By Laura Huggins
In case you didn’t know, today is World Oceans Day as declared by the United Nations in 2009.
It is puzzling, then, that just in time for today’s event, a majority of House Republicans (with the help of Democrat Barney Frank) passed legislation that opposes property rights, market-based reforms, and ocean fisheries protection all in one fell swoop. The bill, which bars the National Oceanic and Atmospheric Administration (NOAA) from expanding its fisheries catch share programs, is an assault on an effective and principled conservative alternative to centralized regulation. What gives?
One of the chief sponsors of the legislation, Rep. Steve Southerland (R-Fla.), said: “One of the greatest threats facing Gulf and Atlantic fisheries today is catch shares. By capping the amount of fish to be caught annually and gifting a select few with shares of the annual catch, NOAA is privatizing access to a once-open fishery.”
Interestingly, study after study reveals that open access to fish is the root cause of fisheries collapse. Most fisheries around the globe are fully or over-exploited, and a substantial number have already collapsed according to the World Bank.
Open access problems can be eliminated by establishing rights over the fish stock, which reduces the incentives for over-capitalization of the resource and consequently contributes to economic efficiency. Catch share programs have demonstrated successes in the management of fisheries resources in many countries including New Zealand and Iceland.
Even the developing world, which often lacks the legal, managerial, and fiscal framework once thought to be crucial for such systems to operate, is taking steps toward closing its fisheries. Namibia, for example, is demonstrating that a catch share structure can be built from the ground up and can work beyond the developed world.
When Namibia gained independence from South Africa in 1990, several fish stocks including hake and sardine were on the verge of collapse. Prior to independence, “management” of Namibia’s fisheries consisted of constant jockeying for control. The fishery was an open access resource over which neither South Africa nor the United Nations were able to exercise jurisdiction. With no rule of law and no enforcement, the fishing grounds became an international free-for-all.

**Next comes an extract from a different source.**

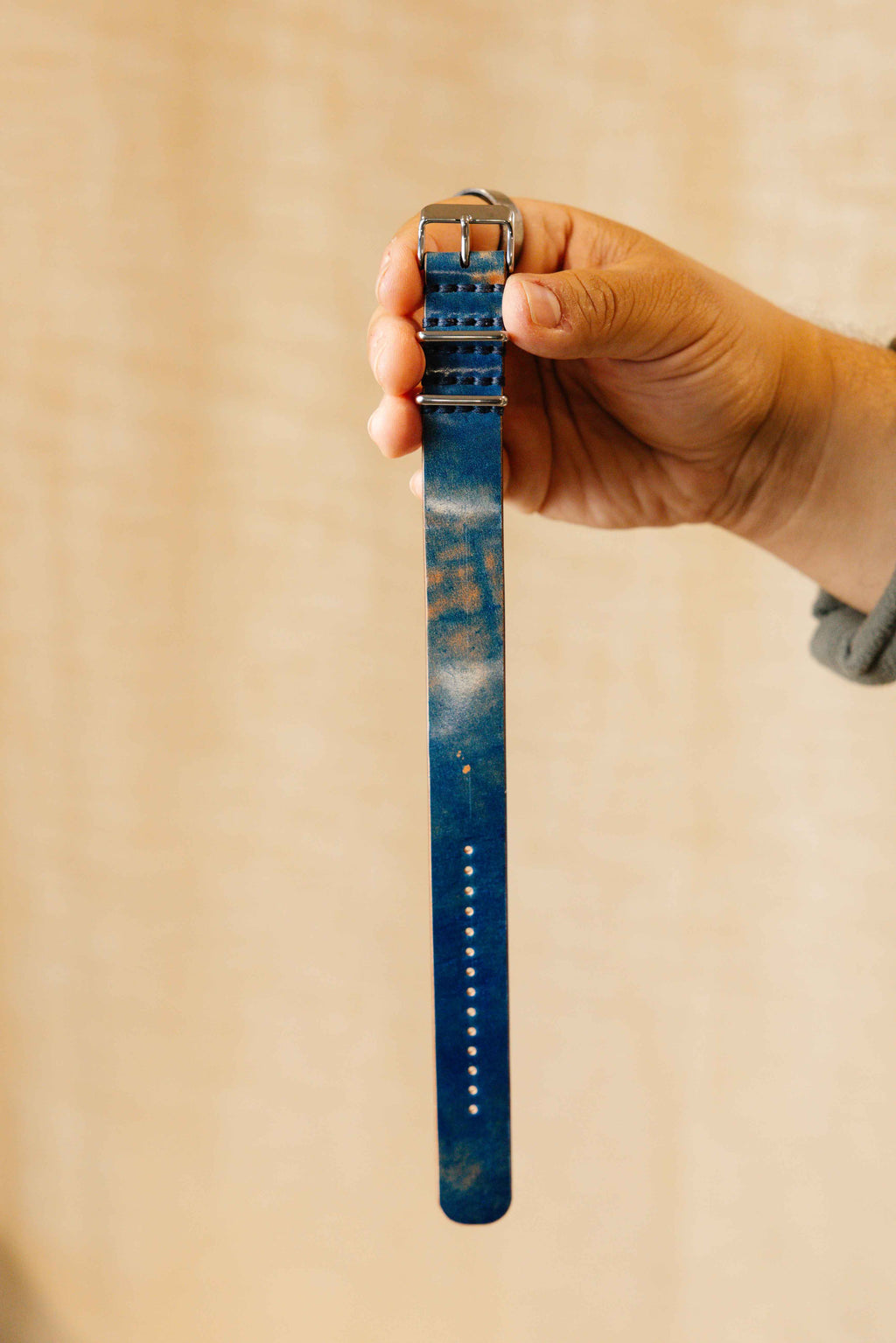 22mm Single Pass Watch Strap - Marbled Navy ROCAO Shell Cordovan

Today, Namibians are proving that solutions to resource management are universal. Any nation, and its resources, can benefit from pursuing market-based economic principles and establishing secure property rights. Namibia did this by instituting the principle that a right to benefit from the natural capital of a country has real value and a payment should be made for it. This right and payment came in the form of fishing quotas under a catch share system. Namibia’s fisheries are now recovering and other developing nations are trying to emulate Namibia’s fisheries management approach.

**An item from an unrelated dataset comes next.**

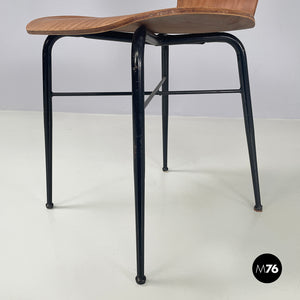 Chair in wood and black metal, 1960s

There is growing evidence that insecure property rights limit economic development and resource conservation. In the middle of the nineteenth century, the development of American agriculture was similarly limited when farmers were unable to protect frontier lands from encroachment by livestock. To solve this problem, fencing such as barbed wire was created. This invention enabled individuals to secure their resources. Such fences are obviously not possible in the deep sea but property rights can still be erected for marine fisheries.

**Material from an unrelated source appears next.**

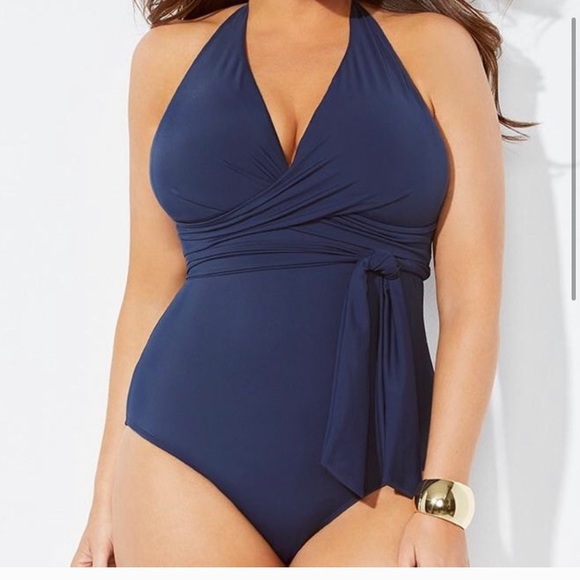 Ashley Graham Other - Blue Wrap Swimsuit, 16 Ashley graham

Fences for fish vary from dividing up lobster pots, number of fish, amount of boats, bits of the ocean, or even parts of a reef, but overall securing rights to marine resources are saving fisheries around the world.
Rather than taking steps backward, Congress should be looking at other nations — even developing nations — that are making large strides in fisheries preservation.
Laura E. Huggins is a research fellow at the Hoover Institution at Stanford and at the Property and Environment Research Center in Bozeman, MT. Huggins is the author of “Fencing Fisheries in Namibia and Beyond.”